To step back in time to 1450, Johann Gutenberg started a massively collaborative social media phenomenon when he invented the printing press. It freed knowledge from monasteries, clergy and wealthy aristocrats. A man with a bit of capital could print easy-to-read books, newspapers, and pamphlets that almost anyone could buy or distribute for free. Once almost anyone could learn to read, the church or government lost their monopolies on information. It was a revolution. By 1776, the coffee houses of London were raucous networks of idea exchange about the latest news in print. Lloyd's of London coalesced as a collective securitization of merchant shipping risk. Postal services had volumes of new mail to take from person to person.
Now that digital information is freed from paper, just as when printing freed it from parchment, old books are being freed from libraries. Printing saved knowledge from isolation and the risk of destruction, and digitizing knowledge has an almost infinitely greater potential.
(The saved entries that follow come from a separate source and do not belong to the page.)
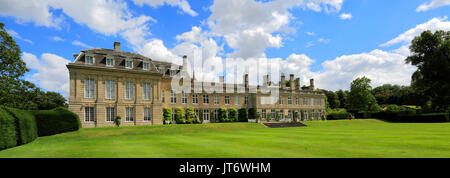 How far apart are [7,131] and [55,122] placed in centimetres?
808

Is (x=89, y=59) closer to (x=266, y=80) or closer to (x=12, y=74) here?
(x=12, y=74)

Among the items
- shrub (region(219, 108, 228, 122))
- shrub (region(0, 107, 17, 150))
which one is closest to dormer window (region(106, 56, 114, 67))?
shrub (region(0, 107, 17, 150))

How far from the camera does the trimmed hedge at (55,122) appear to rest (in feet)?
67.0

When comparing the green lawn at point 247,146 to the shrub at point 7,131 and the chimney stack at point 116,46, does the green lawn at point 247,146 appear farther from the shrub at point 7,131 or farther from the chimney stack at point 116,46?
the chimney stack at point 116,46

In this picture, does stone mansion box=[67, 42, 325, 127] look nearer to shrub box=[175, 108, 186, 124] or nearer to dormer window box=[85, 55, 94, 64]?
dormer window box=[85, 55, 94, 64]

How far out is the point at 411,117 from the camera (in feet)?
151

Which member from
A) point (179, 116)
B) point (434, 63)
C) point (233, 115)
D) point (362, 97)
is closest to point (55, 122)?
point (179, 116)

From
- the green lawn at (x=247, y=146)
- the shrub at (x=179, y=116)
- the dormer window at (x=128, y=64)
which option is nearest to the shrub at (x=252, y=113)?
the shrub at (x=179, y=116)

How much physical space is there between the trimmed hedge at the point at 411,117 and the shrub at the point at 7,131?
5368 centimetres

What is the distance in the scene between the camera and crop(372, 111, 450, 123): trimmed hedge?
143 ft

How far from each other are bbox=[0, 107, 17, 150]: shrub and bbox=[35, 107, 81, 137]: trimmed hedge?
6283 millimetres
Project Gutenberg starts with scanned documents, the same as Google Books. Image scans, like PDFs or specialized viewers, have their limits. Books available unless you have the right program or device. What happens when formats become obsolete? Because Project Gutenberg renders documents in text, they can be viewed or converted almost universally. You can download nearly any out-of-copyright book you can think of, for free, from the Project Gutenberg library on the web. Now the project is moving into more obscure and specialized works, those even more in danger of loss.
Getting from scan to text with people
To get from scans to text is rocky road. OCR (optical character reader) software is unable to make sense of broken type, smudges on paper, and so on. Here's where the massive collaboration comes in: Thousands of human beings, working for no pay, are inspecting the defect-ridden text rendered by OCR, stripping out page headers and footers, and opening up knowledge to anyone with internet access.
The Project Gutenberg Distributed Proofreading (PGDP) network has been around for a while. It has released 18,793 meticulously inspected books to Project Gutenberg. 3,016 are in progress, 688 currently being proofread. How big is the effort? Of nearly 100,000 registered users, 535 people helped in one typical, more than 1,000 in a week, and more than 2,000 in July 2010.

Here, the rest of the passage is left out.